Two of the Doctor Who adventures landed on my digital lap and gazed upward longingly at my singular reviewing eye: The Way of the Empty Hand by Julian Richards and The Other Woman by Philip Lawrence are part of Big Finish’s monthly Short Trip series. These are read by Doctor Who actors and are around thirty to forty minutes or so in length. They are indeed a short hop, short stop, and of course a short trip, into Doctor Who.
I have had some acquaintance with the Short Trip series, both in audio and book form, and have always enjoyed the short narrative repast. Short they may be, but rarely lean. So how do these two stories fare? With truncated lengths compared to the usual Doctor Who story, be it book, audio, or television, do these feel a breeze or a rush?
The Way of the Empty Hand is read by Frazer Hines (Jamie McCrimmon) with his usual consummate skill. It can never be over-started that his impression of ‘his’ Doctor, the late Patrick Troughton, is a joy to hear.
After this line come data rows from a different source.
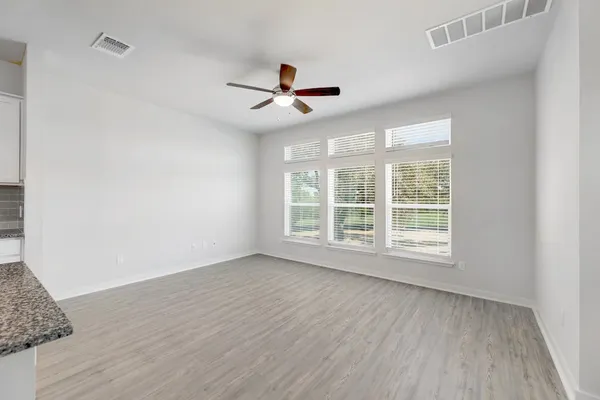 an empty room with wooden floor ceiling fan and windows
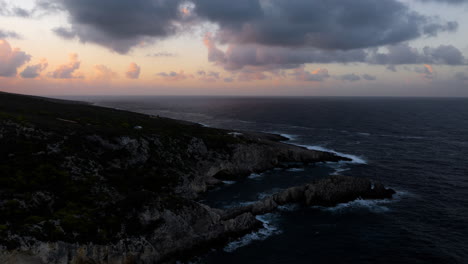 coastal sunrise/sunset over rocky shore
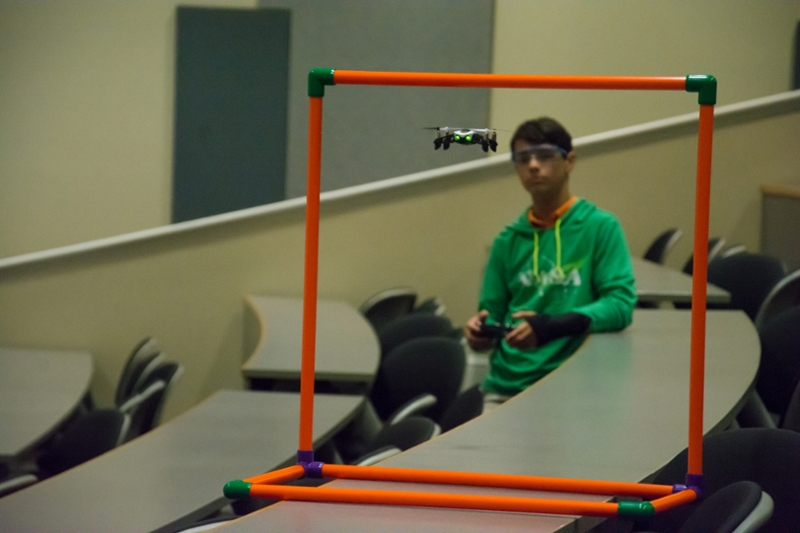Student controlling a remote-operated drone.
Not only does he pitch the tone and mannerisms perfectly, there’s something quite touching in hearing him channel his old colleague.
In terms of the story, this is a very gentle comic adventure. Perhaps a little Douglas Adams in tone from time to time, but if you accept it for its lighter qualities, it’s a very enjoyable tale. It is a little like watching The Romans – drama sewn into the farce. Jamie is teleported-cum- captured for an alien arena, to fight for the thrills of Combatia’s reigning overlord. Can the Doctor and Zoe help Jamie and manage to overthrow the deadly regime?
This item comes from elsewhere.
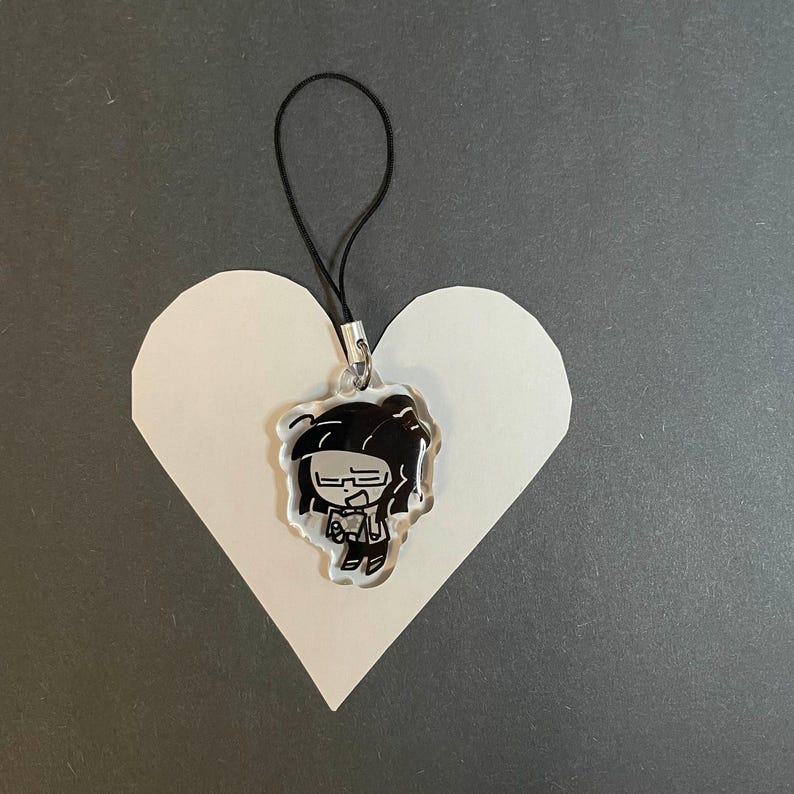 May include: A clear acrylic charm featuring a black and white cartoon character with glasses and dark hair, attached to a black cord. The charm is placed on a white heart-shaped cutout against a gray background.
Well, probably, naturally, and certainly – as you can probably conclude – there’s every chance good will win out. The plot is hardly new, as old as the non-proverbial hills of Mount Lung, but it’s handled with humour, character and the pace of a gentle fantasy romp. It’s silly in places, very silly, but never feels unfaithful to the era nor the Doctor. I would perhaps go so far to say it has an almost child-like innocence to what is quite a brutal topic, but in some regards, Doctor Who was indeed like that back in the day. As silly as the Doctor actively proves his pacifist ideology, it somehow doesn’t feel out of place. It’s played for laughs, but it doesn’t feel unaware of the line it’s walking.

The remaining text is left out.